Exercise requirements:
Each line of the data below between the one containing "2016 Tesla Model" and the one containing "Bitumen road construction", both included, is to be repeated exactly. Please omit pictures.

____ Data for review

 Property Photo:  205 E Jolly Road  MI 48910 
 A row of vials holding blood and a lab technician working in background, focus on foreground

________
____ Data for review

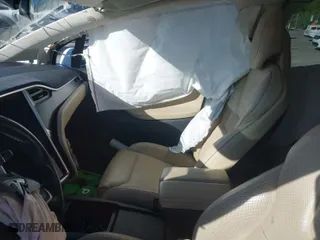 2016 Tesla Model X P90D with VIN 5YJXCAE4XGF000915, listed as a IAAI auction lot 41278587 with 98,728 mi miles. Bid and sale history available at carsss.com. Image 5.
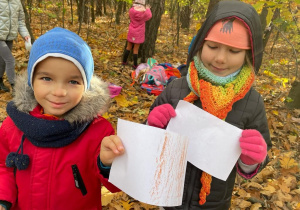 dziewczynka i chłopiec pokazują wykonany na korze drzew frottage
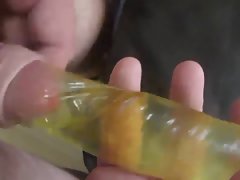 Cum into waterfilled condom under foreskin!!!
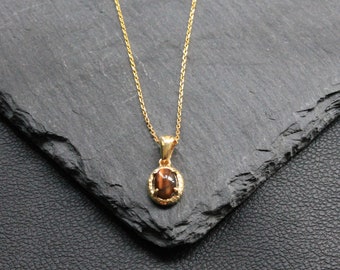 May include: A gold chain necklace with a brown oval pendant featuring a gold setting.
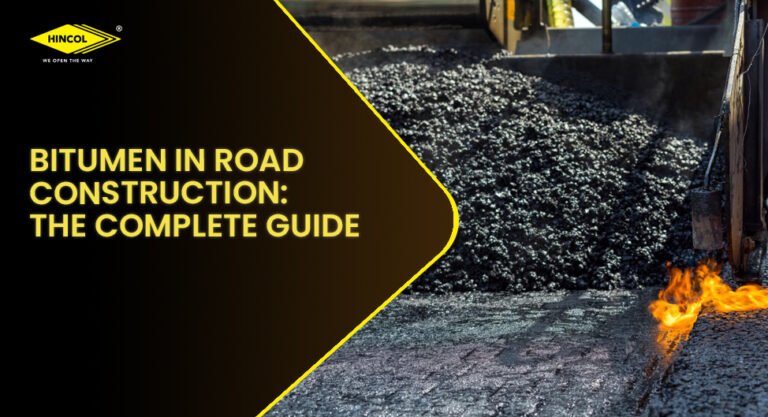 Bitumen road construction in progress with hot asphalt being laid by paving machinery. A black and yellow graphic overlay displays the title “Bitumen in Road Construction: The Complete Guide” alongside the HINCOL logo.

________
____ Data for review

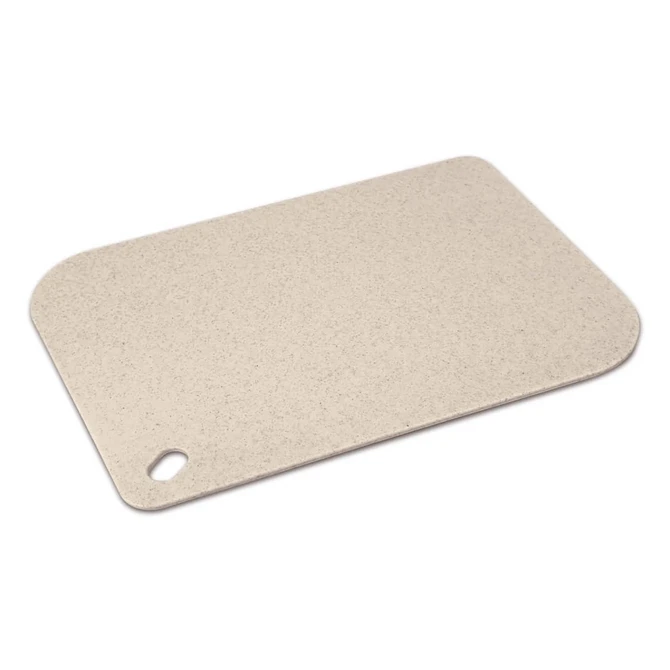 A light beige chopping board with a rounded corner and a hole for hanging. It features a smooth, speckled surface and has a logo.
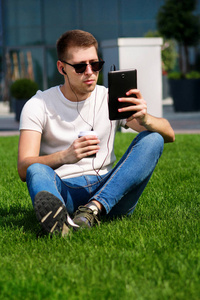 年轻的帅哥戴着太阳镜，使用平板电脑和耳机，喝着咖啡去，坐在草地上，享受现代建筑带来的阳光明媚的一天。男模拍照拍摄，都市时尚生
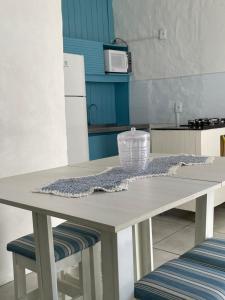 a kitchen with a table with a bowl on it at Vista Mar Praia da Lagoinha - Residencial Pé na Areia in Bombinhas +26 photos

________

Answer to this task:
 2016 Tesla Model X P90D with VIN 5YJXCAE4XGF000915, listed as a IAAI auction lot 41278587 with 98,728 mi miles. Bid and sale history available at carsss.com. Image 5.
 dziewczynka i chłopiec pokazują wykonany na korze drzew frottage
 Cum into waterfilled condom under foreskin!!!
 May include: A gold chain necklace with a brown oval pendant featuring a gold setting.
 Bitumen road construction in progress with hot asphalt being laid by paving machinery. A black and yellow graphic overlay displays the title “Bitumen in Road Construction: The Complete Guide” alongside the HINCOL logo.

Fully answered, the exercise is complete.